• Márcio Guerra

VIDA LONGA AO REI

Por: Márcio Guerra


A expressão usada para saudar as majestades no mundo se aplica perfeitamente ao Rei Pelé. Imagino que deve ser instigante para os jovens que amam o futebol entender as razões de tantas homenagens a ele, nas comemorações dos seus 80 anos.
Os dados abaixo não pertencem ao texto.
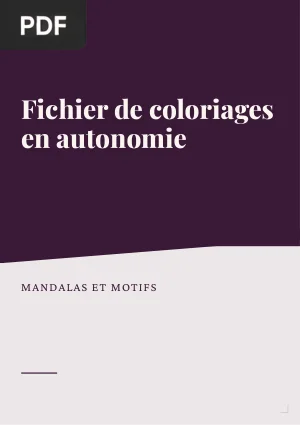 Fichier de coloriages en autonomie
Ele foi realmente diferenciado. Genial, fenomenal, craque, acima da média. Seja o adjetivo que se usar, será pequeno diante do que ele fez pelo futebol brasileiro. Perfeito? Claro que não. Isso não pertence a nós, por enquanto. Me lembro que tive condições de compreender sua grandeza na Copa de 70, a primeira que realmente consegui ver e me lembrar. Essa copa ele ganhou para o Brasil. Como a de 58. A de 62, não. Essa, quem ganhou foi Garrincha.


E aí me lembro que uma vez perguntei ao meu pai: quem foi melhor, Pelé ou Garrincha? Meu pai não hesitou. "Garrincha foi melhor. Mas não teve a mídia e não tinha juízo. Pelé era atleta e esperto. Garrincha jogava por prazer e era inocente". Fui então procurar vídeos de Garrincha. Portanto, foram dois reis, cada um a seu modo. Entendi que não era razoável comparar coisas desiguais.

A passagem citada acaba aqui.